Ward says rising ocean acidification is
particularly troubling for corals because it undercuts their ability to
lay skeleton, which forms the basis of reefs, and makes them more
brittle and vulnerable to erosion.
These climate pressures
interact with each other, multiplying the risks. And they present
problems not just for coral, but also for fish, other marine life and
the overall ability of the ecosystem to function.
They also come
against a backdrop of other environmental problems hampering the reef's
overall resilience. Water pollution from farming runoff is chief among
them.
Marshall says of the climate threats, bleaching can do the
most immediate damage. When it is severe enough, corals hundreds of
years old can die.
"That's something that has been really depressing for me," Marshall says.
"There
are corals that were here when Captain Cook sailed by, and they're
dying under our watch and they're not coming back in anyone's lifetime."
Bleaching
does not necessarily lead to death. If water temperatures drop in time
corals can start rebuilding their algae and recover within months.
Some
coral species – there are over 600 on the reef – are also naturally
hardier than others, so rather than total die-off bleaching can lead to
species switching instead.
According to the Australian Institute
of Marine Science about 55 per cent of the reef was bleached during the
2002 event. About 5 per cent died.
Given the right conditions new
corals can also rebuild on dead reefs in about a decade. One study of 21
reefs in the Seychelles, on which 90 per cent of corals died during a
1998 global bleaching event, found that 12 were eventually restored.
Ultimately
it will take weeks for the full extent of the current bleaching event
to emerge.

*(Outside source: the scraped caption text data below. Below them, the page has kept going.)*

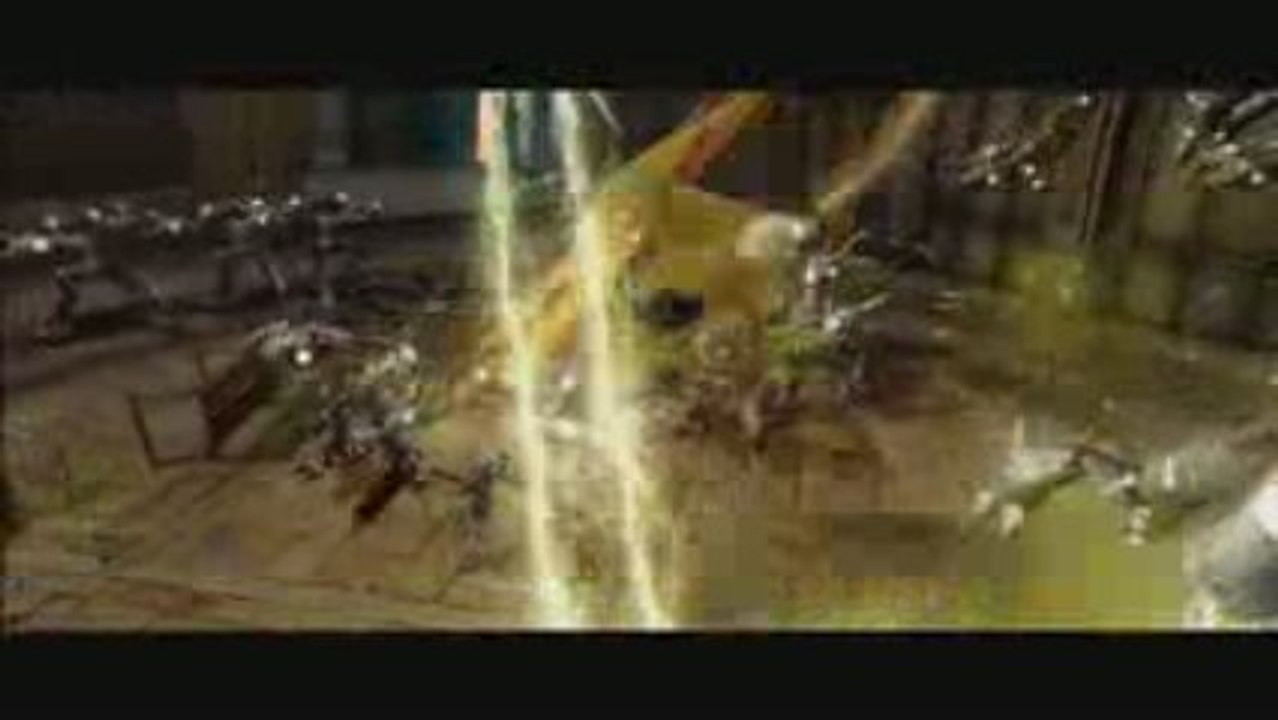 Marvel Ultimate Alliance 2 - Ms Marvel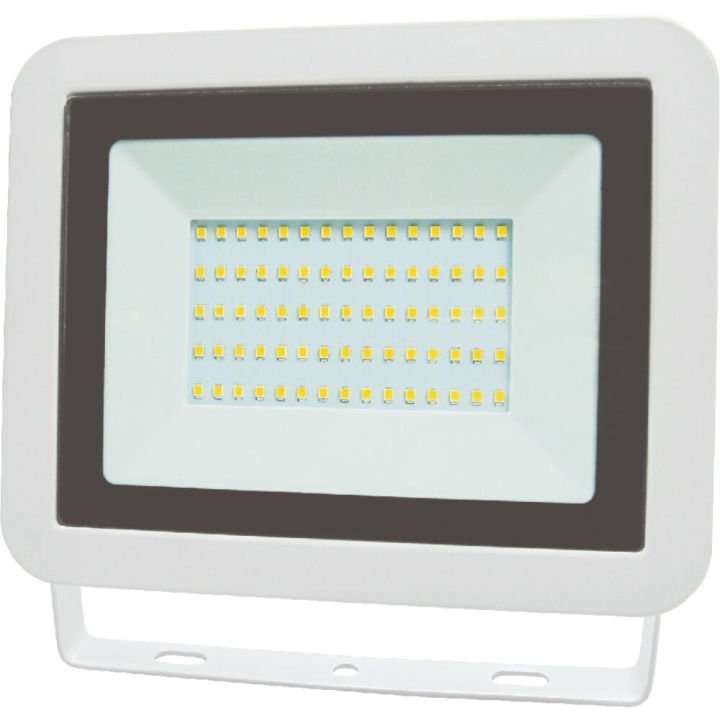 LED-prožektor Acuma Mini 50 W valge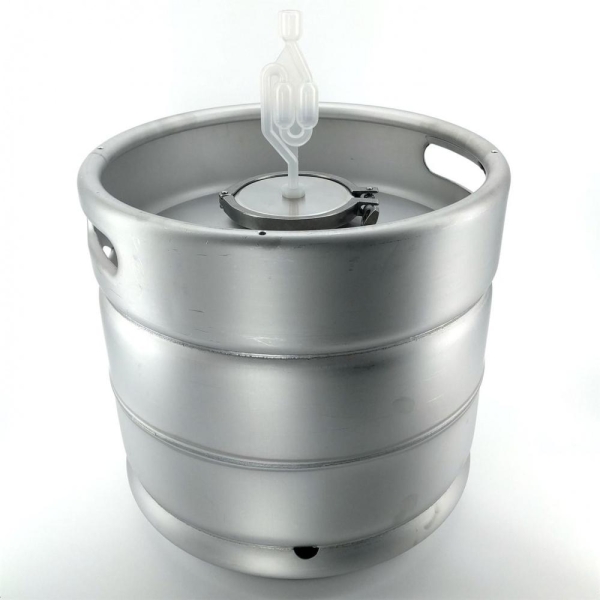 Kegmenter 29 liter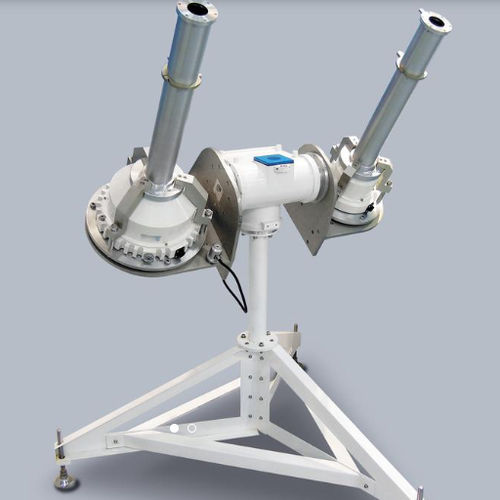 双轴太阳能跟踪器 - STR-32G - EKO Instruments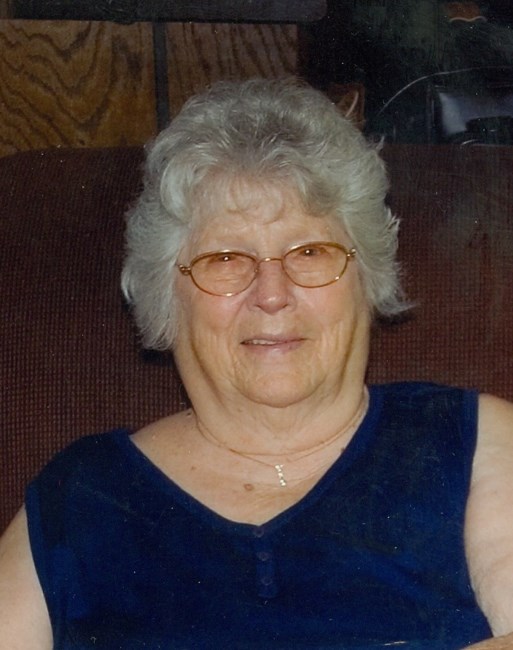 Obituary of Mary Katherine Rose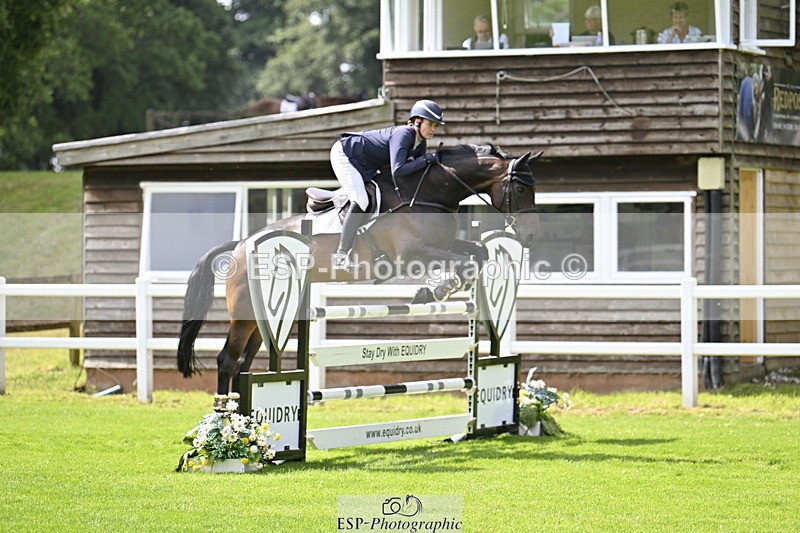 250613A-103835-00524 - Cls 1 Snr Newcomers and 1.10m Open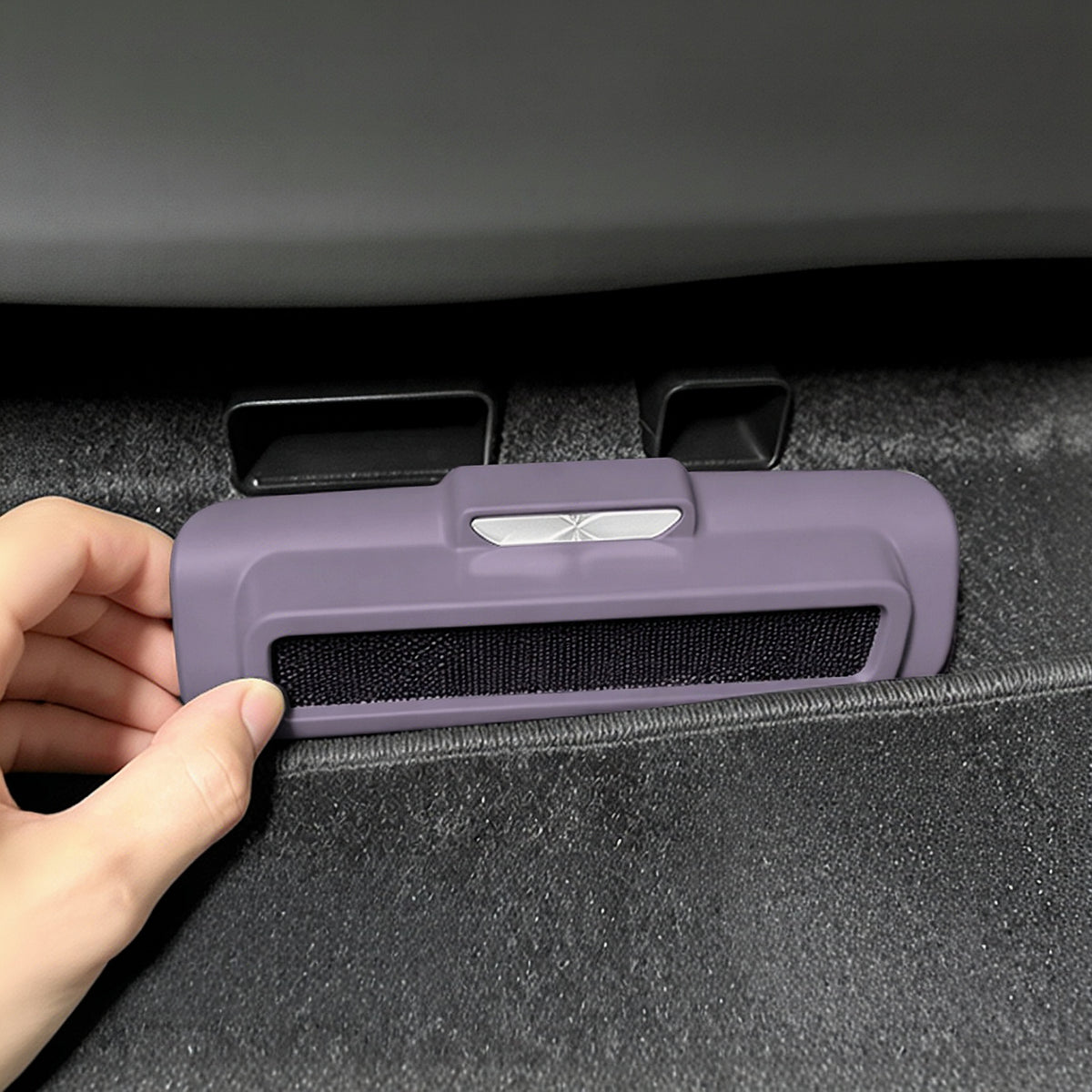 Under-Seat Air Vent Cover for XPeng MONA L03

The levels of coral mortality may not be known for longer
still.
Reichelt says: "experience tells us that corals can recover
from major disturbances, but they need to be given time and the right
conditions to do so."
The concern is that if coral bleaching
occurs more frequently, as it is projected to do, reefs won't have
sufficient time to recover.
Back in 1999 Hoegh-Guldberg forecast
that rising greenhouse gas emissions would see most oceans become too
hot for corals on a yearly basis by the 2040s and 2050s.
In the
most recent major assessment of the reef's health by the marine park
authority reported that under moderate future emissions, bleaching
conditions could be expected about once every five years for most parts
of the reef by 2018.
By 2052 to 2067 it could occur every year.
It
means some changes to the reef because of climate change appear
inevitable (though there is some scientific inquiry into whether corals
may be able to adapt somewhat to warmer and more acidic oceans).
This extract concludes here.